Hospitals are supposed to heal - but they can also be environments where infections spread. This is especially true in high-occupancy, continuously air-conditioned healthcare facilities common across the Gulf Cooperation Council (GCC) and MENA region.
In such settings, indoor air quality (IAQ) isn’t a comfort issue: it’s a critical clinical and public health concern that impacts patient outcomes, staff well-being, and the resilience of healthcare systems.
The GCC & MENA: Infection Prevention in Hospitals & Risk Landscape
Recent regional research reveals that healthcare-associated infections (HAIs) are a significant challenge in acute care settings.
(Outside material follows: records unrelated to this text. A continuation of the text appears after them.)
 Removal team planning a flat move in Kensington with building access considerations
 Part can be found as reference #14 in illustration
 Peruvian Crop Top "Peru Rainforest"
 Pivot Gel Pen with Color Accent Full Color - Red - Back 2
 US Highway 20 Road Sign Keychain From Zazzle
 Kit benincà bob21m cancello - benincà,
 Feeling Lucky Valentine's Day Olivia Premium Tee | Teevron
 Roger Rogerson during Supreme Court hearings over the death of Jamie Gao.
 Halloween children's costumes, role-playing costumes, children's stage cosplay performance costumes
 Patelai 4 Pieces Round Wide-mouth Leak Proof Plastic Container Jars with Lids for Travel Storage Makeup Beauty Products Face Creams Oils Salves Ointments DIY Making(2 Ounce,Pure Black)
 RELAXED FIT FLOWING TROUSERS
A multi-centre point-prevalence survey across seven Middle Eastern countries - including Saudi Arabia, the UAE, Oman, Kuwait and Bahrain - found that 11.2% of patients in acute hospitals had healthcare-associated infections on the day of the survey.
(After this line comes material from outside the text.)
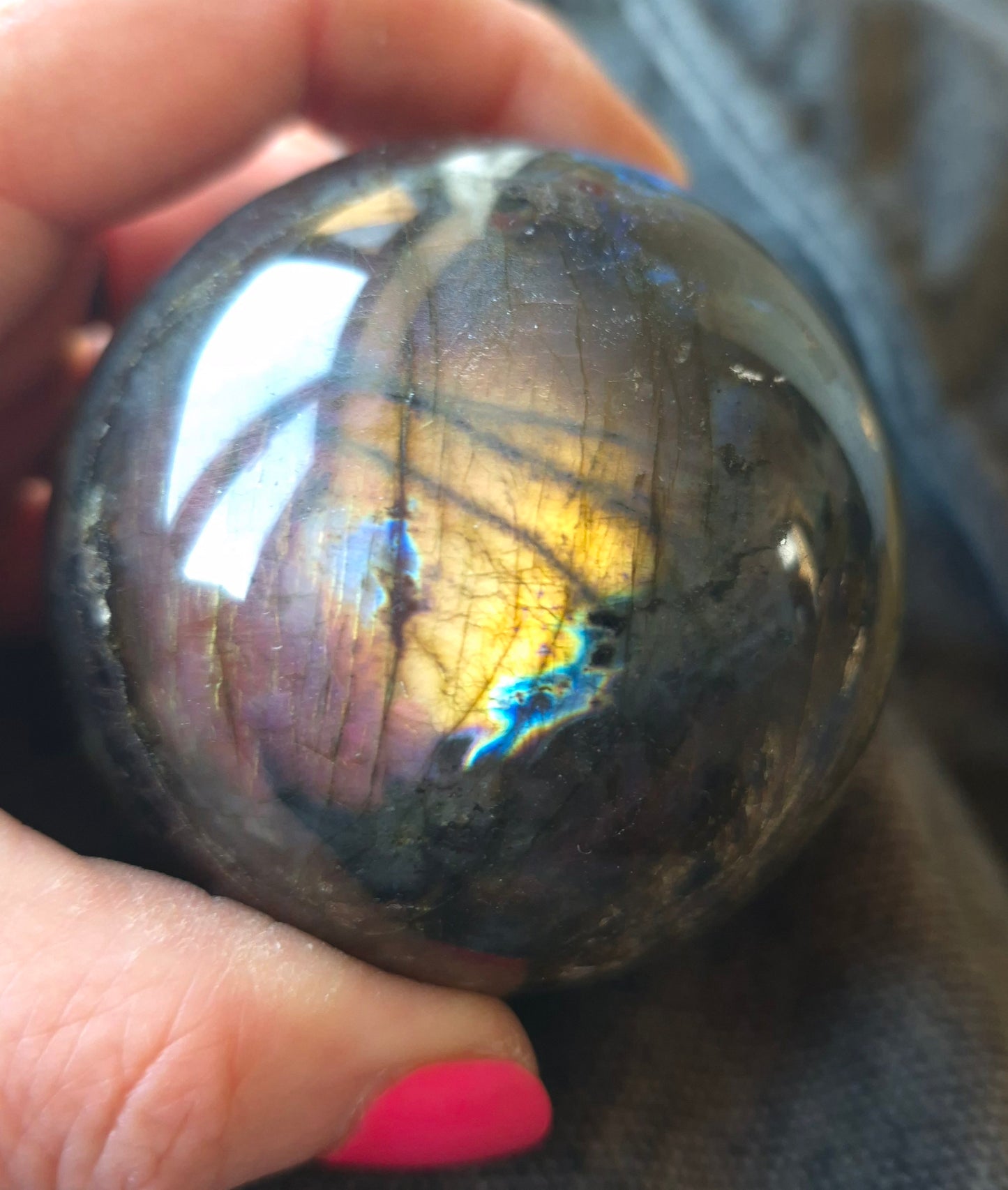 Labradorite sphere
Meanwhile, national infection control guidance within the GCC (e.g., Saudi Arabia’s Ministry of Health surveillance manuals) notes that between 5% and 15% of patients in healthcare facilities may acquire infections while receiving care.
These infections are often caused by antibiotic-resistant pathogens, which are more difficult to treat and can lead to longer hospital stays, increased morbidity and mortality, and higher healthcare costs.
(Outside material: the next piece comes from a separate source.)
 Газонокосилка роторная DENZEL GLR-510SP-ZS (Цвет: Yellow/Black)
Why Indoor Air Quality Matters
Up to 80% of infectious diseases are transmitted through direct contact, indirect contact, or airborne exposure - and indoor air is a continuous exposure pathway. Poor IAQ in hospitals can:
Facilitate the spread of airborne pathogens
Increase exposure to bacteria, mould and bioaerosols
Impact patient recovery and staff health
Increase absenteeism and operational strain
In regions where mechanical ventilation and air-conditioning are essential due to heat and humidity, improperly managed indoor air can undermine traditional infection prevention and control (IPC) protocols.
The GCC Healthcare Context
Healthcare facilities in the GCC and broader MENA region typically feature:
High patient throughput and extended occupancy
Continuous mechanical ventilation due to extreme climate
National priorities on patient safety, efficiency, and sustainability
Improving IAQ aligns with broader public health strategies, energy goals, and quality-of-care outcomes - especially when airborne spread is a key driver of HAIs.
Policy Considerations for Ministries of Health
To address these risks, health authorities might consider:
Integrating IAQ performance requirements into the design and retrofit standards for hospitals
Recognising indoor air quality management as a preventive health measure
Supporting independently tested IAQ technologies that improve air quality without increasing energy or operational burdens
Aligning IAQ initiatives with national sustainability and Net Zero objectives
Conclusion: Prevention Starts with Better Air
Hospital-acquired infections remain a persistent threat, particularly when surveillance and prevention measures are inadequate. With documented HAI prevalence in GCC healthcare settings and the known mechanisms of airborne transmission, improving indoor air quality is a practical, evidence-based intervention to reduce risk, protect healthcare workers, and improve patient outcomes.
Prevention is still the most effective tool in public healthcare - and in warm, dense, and continuously conditioned healthcare environments, clean air must be part of the solution.